All records below must be retyped exactly.

(Records contained in a dataset)
▶

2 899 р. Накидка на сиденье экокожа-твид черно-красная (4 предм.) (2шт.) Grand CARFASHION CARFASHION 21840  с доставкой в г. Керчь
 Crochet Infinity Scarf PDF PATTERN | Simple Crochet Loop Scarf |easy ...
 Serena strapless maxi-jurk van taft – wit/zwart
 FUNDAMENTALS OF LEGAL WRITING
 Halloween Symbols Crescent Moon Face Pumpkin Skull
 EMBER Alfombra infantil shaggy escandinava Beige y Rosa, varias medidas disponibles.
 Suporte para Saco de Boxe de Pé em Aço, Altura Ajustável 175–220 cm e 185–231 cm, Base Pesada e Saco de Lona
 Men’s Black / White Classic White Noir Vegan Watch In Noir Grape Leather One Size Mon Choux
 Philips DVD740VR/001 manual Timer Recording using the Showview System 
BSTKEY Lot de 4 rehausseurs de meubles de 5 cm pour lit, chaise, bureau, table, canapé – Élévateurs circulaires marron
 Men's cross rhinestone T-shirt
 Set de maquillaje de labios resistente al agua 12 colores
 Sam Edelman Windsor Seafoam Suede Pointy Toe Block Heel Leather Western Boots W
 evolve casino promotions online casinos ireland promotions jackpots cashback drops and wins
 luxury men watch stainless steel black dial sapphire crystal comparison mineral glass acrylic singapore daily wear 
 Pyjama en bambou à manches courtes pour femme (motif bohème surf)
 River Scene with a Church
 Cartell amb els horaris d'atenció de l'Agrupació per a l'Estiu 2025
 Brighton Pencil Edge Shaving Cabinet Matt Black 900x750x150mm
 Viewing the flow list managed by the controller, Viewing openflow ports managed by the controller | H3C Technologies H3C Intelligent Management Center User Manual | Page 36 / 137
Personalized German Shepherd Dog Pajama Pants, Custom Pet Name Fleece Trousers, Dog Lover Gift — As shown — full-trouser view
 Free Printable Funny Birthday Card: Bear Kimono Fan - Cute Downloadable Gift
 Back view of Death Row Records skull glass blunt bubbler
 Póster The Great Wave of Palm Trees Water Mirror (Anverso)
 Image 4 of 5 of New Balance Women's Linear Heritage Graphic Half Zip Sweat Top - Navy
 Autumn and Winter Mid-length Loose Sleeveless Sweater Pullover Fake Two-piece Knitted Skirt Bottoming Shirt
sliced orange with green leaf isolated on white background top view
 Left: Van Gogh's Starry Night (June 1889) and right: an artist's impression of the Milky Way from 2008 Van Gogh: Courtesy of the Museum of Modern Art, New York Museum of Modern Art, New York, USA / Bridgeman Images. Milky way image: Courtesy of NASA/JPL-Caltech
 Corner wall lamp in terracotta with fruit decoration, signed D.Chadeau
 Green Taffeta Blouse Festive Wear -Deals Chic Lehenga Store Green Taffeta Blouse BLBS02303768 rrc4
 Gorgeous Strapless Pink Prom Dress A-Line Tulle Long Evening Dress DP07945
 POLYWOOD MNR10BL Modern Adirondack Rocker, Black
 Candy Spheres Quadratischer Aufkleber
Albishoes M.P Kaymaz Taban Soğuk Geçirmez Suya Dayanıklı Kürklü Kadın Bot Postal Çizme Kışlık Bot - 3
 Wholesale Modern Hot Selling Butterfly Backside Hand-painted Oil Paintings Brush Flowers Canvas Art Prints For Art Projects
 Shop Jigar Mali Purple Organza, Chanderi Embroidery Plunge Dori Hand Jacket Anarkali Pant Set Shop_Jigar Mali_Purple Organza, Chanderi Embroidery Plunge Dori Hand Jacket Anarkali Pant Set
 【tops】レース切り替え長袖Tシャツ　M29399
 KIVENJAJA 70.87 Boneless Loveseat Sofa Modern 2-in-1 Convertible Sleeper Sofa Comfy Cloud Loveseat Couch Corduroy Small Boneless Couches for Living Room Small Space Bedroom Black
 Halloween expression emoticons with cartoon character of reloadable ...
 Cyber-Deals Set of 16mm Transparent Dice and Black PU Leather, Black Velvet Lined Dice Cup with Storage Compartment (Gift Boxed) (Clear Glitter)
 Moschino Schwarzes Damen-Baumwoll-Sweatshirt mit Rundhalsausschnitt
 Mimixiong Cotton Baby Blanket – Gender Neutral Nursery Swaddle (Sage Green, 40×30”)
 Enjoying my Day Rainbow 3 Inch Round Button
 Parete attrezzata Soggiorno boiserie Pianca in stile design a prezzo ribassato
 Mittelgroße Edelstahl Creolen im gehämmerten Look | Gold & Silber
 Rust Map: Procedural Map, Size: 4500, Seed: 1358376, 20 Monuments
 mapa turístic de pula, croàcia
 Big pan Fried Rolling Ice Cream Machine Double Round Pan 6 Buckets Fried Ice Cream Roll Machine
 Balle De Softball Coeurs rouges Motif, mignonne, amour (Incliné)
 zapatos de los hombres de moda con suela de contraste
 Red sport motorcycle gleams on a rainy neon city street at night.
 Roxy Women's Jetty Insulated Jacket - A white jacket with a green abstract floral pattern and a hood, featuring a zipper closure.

◀

#### Worked solution:
2 899 р. Накидка на сиденье экокожа-твид черно-красная (4 предм.) (2шт.) Grand CARFASHION CARFASHION 21840  с доставкой в г. Керчь
 Crochet Infinity Scarf PDF PATTERN | Simple Crochet Loop Scarf |easy ...
 Serena strapless maxi-jurk van taft – wit/zwart
 FUNDAMENTALS OF LEGAL WRITING
 Halloween Symbols Crescent Moon Face Pumpkin Skull
 EMBER Alfombra infantil shaggy escandinava Beige y Rosa, varias medidas disponibles.
 Suporte para Saco de Boxe de Pé em Aço, Altura Ajustável 175–220 cm e 185–231 cm, Base Pesada e Saco de Lona
 Men’s Black / White Classic White Noir Vegan Watch In Noir Grape Leather One Size Mon Choux
 Philips DVD740VR/001 manual Timer Recording using the Showview System 
BSTKEY Lot de 4 rehausseurs de meubles de 5 cm pour lit, chaise, bureau, table, canapé – Élévateurs circulaires marron
 Men's cross rhinestone T-shirt
 Set de maquillaje de labios resistente al agua 12 colores
 Sam Edelman Windsor Seafoam Suede Pointy Toe Block Heel Leather Western Boots W
 evolve casino promotions online casinos ireland promotions jackpots cashback drops and wins
 luxury men watch stainless steel black dial sapphire crystal comparison mineral glass acrylic singapore daily wear 
 Pyjama en bambou à manches courtes pour femme (motif bohème surf)
 River Scene with a Church
 Cartell amb els horaris d'atenció de l'Agrupació per a l'Estiu 2025
 Brighton Pencil Edge Shaving Cabinet Matt Black 900x750x150mm
 Viewing the flow list managed by the controller, Viewing openflow ports managed by the controller | H3C Technologies H3C Intelligent Management Center User Manual | Page 36 / 137
Personalized German Shepherd Dog Pajama Pants, Custom Pet Name Fleece Trousers, Dog Lover Gift — As shown — full-trouser view
 Free Printable Funny Birthday Card: Bear Kimono Fan - Cute Downloadable Gift
 Back view of Death Row Records skull glass blunt bubbler
 Póster The Great Wave of Palm Trees Water Mirror (Anverso)
 Image 4 of 5 of New Balance Women's Linear Heritage Graphic Half Zip Sweat Top - Navy
 Autumn and Winter Mid-length Loose Sleeveless Sweater Pullover Fake Two-piece Knitted Skirt Bottoming Shirt
sliced orange with green leaf isolated on white background top view
 Left: Van Gogh's Starry Night (June 1889) and right: an artist's impression of the Milky Way from 2008 Van Gogh: Courtesy of the Museum of Modern Art, New York Museum of Modern Art, New York, USA / Bridgeman Images. Milky way image: Courtesy of NASA/JPL-Caltech
 Corner wall lamp in terracotta with fruit decoration, signed D.Chadeau
 Green Taffeta Blouse Festive Wear -Deals Chic Lehenga Store Green Taffeta Blouse BLBS02303768 rrc4
 Gorgeous Strapless Pink Prom Dress A-Line Tulle Long Evening Dress DP07945
 POLYWOOD MNR10BL Modern Adirondack Rocker, Black
 Candy Spheres Quadratischer Aufkleber
Albishoes M.P Kaymaz Taban Soğuk Geçirmez Suya Dayanıklı Kürklü Kadın Bot Postal Çizme Kışlık Bot - 3
 Wholesale Modern Hot Selling Butterfly Backside Hand-painted Oil Paintings Brush Flowers Canvas Art Prints For Art Projects
 Shop Jigar Mali Purple Organza, Chanderi Embroidery Plunge Dori Hand Jacket Anarkali Pant Set Shop_Jigar Mali_Purple Organza, Chanderi Embroidery Plunge Dori Hand Jacket Anarkali Pant Set
 【tops】レース切り替え長袖Tシャツ　M29399
 KIVENJAJA 70.87 Boneless Loveseat Sofa Modern 2-in-1 Convertible Sleeper Sofa Comfy Cloud Loveseat Couch Corduroy Small Boneless Couches for Living Room Small Space Bedroom Black
 Halloween expression emoticons with cartoon character of reloadable ...
 Cyber-Deals Set of 16mm Transparent Dice and Black PU Leather, Black Velvet Lined Dice Cup with Storage Compartment (Gift Boxed) (Clear Glitter)
 Moschino Schwarzes Damen-Baumwoll-Sweatshirt mit Rundhalsausschnitt
 Mimixiong Cotton Baby Blanket – Gender Neutral Nursery Swaddle (Sage Green, 40×30”)
 Enjoying my Day Rainbow 3 Inch Round Button
 Parete attrezzata Soggiorno boiserie Pianca in stile design a prezzo ribassato
 Mittelgroße Edelstahl Creolen im gehämmerten Look | Gold & Silber
 Rust Map: Procedural Map, Size: 4500, Seed: 1358376, 20 Monuments
 mapa turístic de pula, croàcia
 Big pan Fried Rolling Ice Cream Machine Double Round Pan 6 Buckets Fried Ice Cream Roll Machine
 Balle De Softball Coeurs rouges Motif, mignonne, amour (Incliné)
 zapatos de los hombres de moda con suela de contraste
 Red sport motorcycle gleams on a rainy neon city street at night.
 Roxy Women's Jetty Insulated Jacket - A white jacket with a green abstract floral pattern and a hood, featuring a zipper closure.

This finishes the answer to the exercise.